Last Modified: Sep 13, 2023
Known Affected Versions:
12.1.2, 12.1.3, 126.96.36.199, 188.8.131.52, 184.108.40.206, 13.0.0, 13.0.0 HF1, 13.0.0 HF2, 13.0.0 HF3, 13.0.1
Opened: Feb 22, 2017 Severity: 3-Major Related Article:
Related Article: K12068427
Changing the IKEv1 phase2 authentication algorithm to sha256, sha384, or sha512 does not work immediately, without a restart of the tmipsecd daemon.
Cannot switch IKEv1 ipsec-policy to sha256, sha384, or sha512 authentication without either restarting BIG-IP or restarting tmipsecd.
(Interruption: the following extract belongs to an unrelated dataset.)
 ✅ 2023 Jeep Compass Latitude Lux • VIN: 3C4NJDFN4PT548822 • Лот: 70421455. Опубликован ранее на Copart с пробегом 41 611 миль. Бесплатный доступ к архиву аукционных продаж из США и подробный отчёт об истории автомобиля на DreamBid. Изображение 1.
If you change the ike-phase2-auth-algorithm attribute (inside an instance of ipsec-policy) to a value of sha256, sha384, or sha512, this causes a parse error when received by racoon. Thus the change does not take affect without a racoon restart.
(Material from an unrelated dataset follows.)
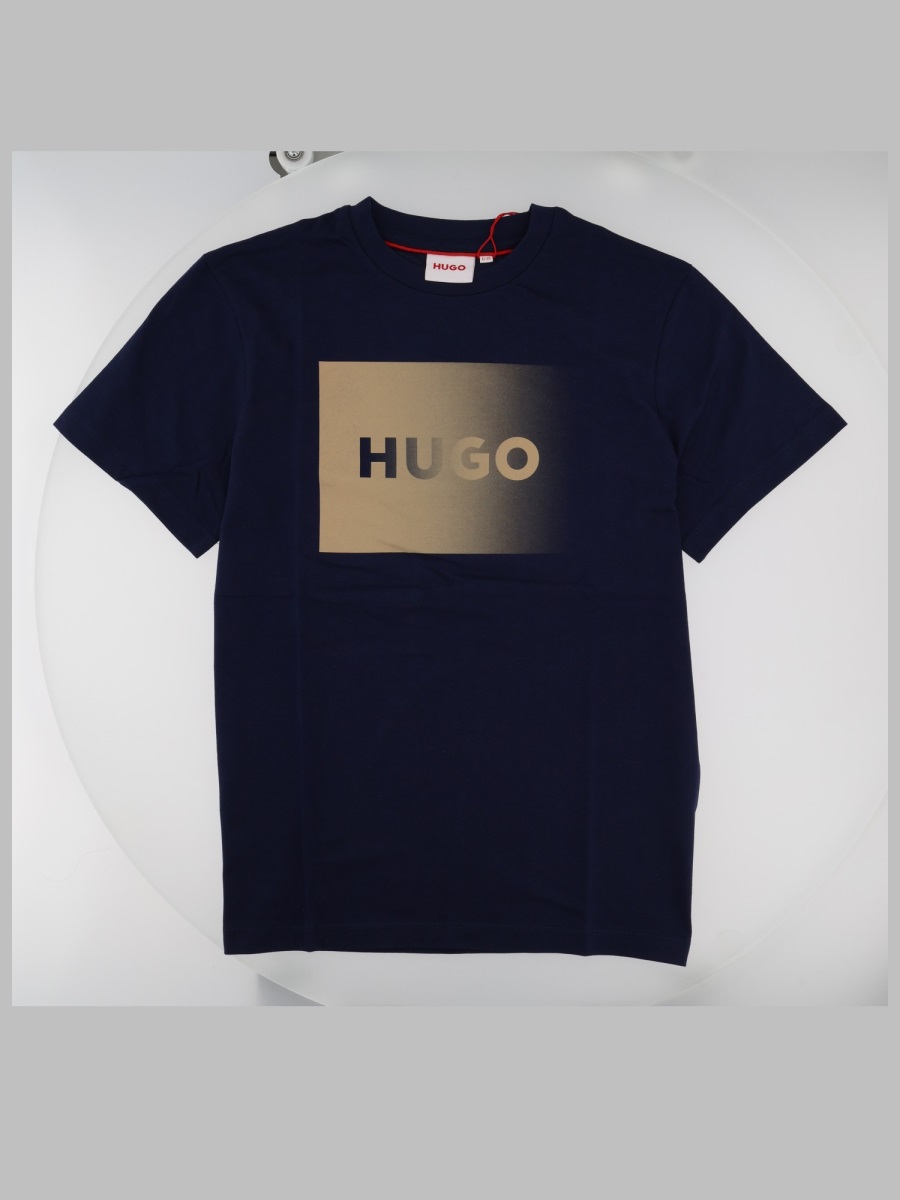 Hugo Boss Hugo Tee Shirt In Blue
Restarting the tmipsecd daemon causes a restart of all racoon processes, which causes the config to be re-read and then IKEv1 IPsec works correctly with SHA authentication algorithms.
Now tmipsecd sends the correct incremental config description of SHA authentication algorithms to racoon, so that IKEv1 ipsec-policy reconfiguration works immediately without requiring a restart of tmipsecd.